# [TASK REQUIREMENTS]
For this exercise, restate word for word only the lines from the one containing "Konya'nın bu ilçesinde" through the last line below. Pictures do not get copied.

# [DATA]

┏━━

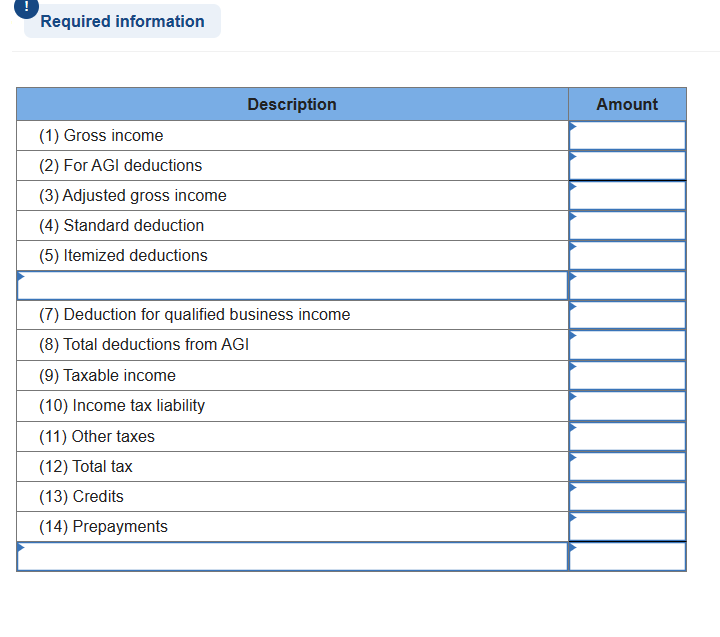 Solved (6) Greater of standard deduction or itemized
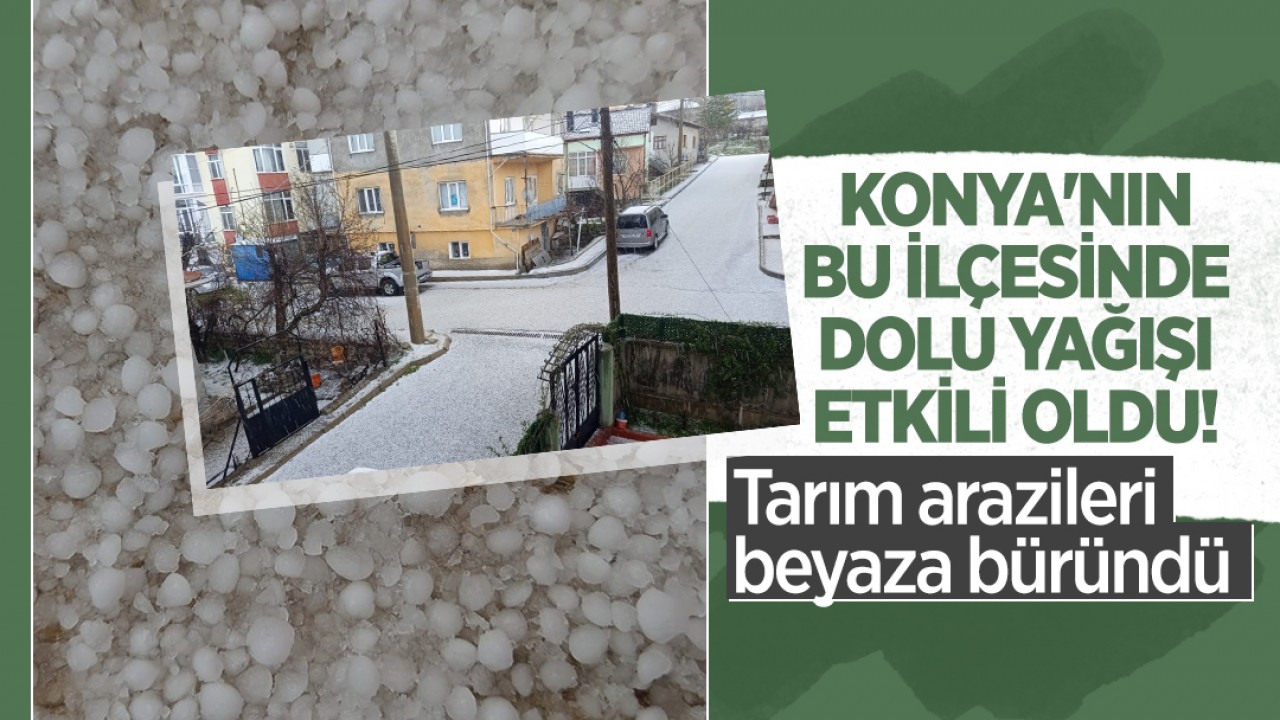 Konya'nın bu ilçesinde dolu yağışı etkili oldu! Tarım arazileri beyaza büründü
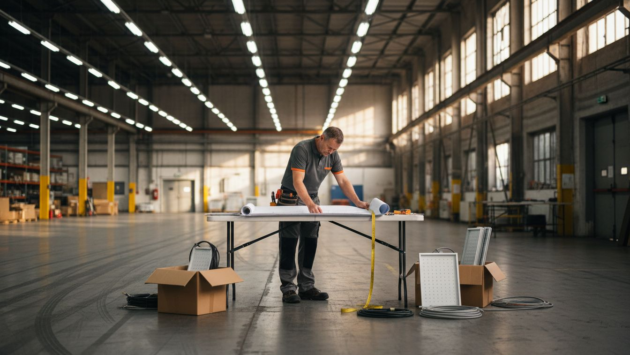 Electrician reviewing warehouse LED lighting plans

┗━━

# [TASK RESULT]
 Konya'nın bu ilçesinde dolu yağışı etkili oldu! Tarım arazileri beyaza büründü
 Electrician reviewing warehouse LED lighting plans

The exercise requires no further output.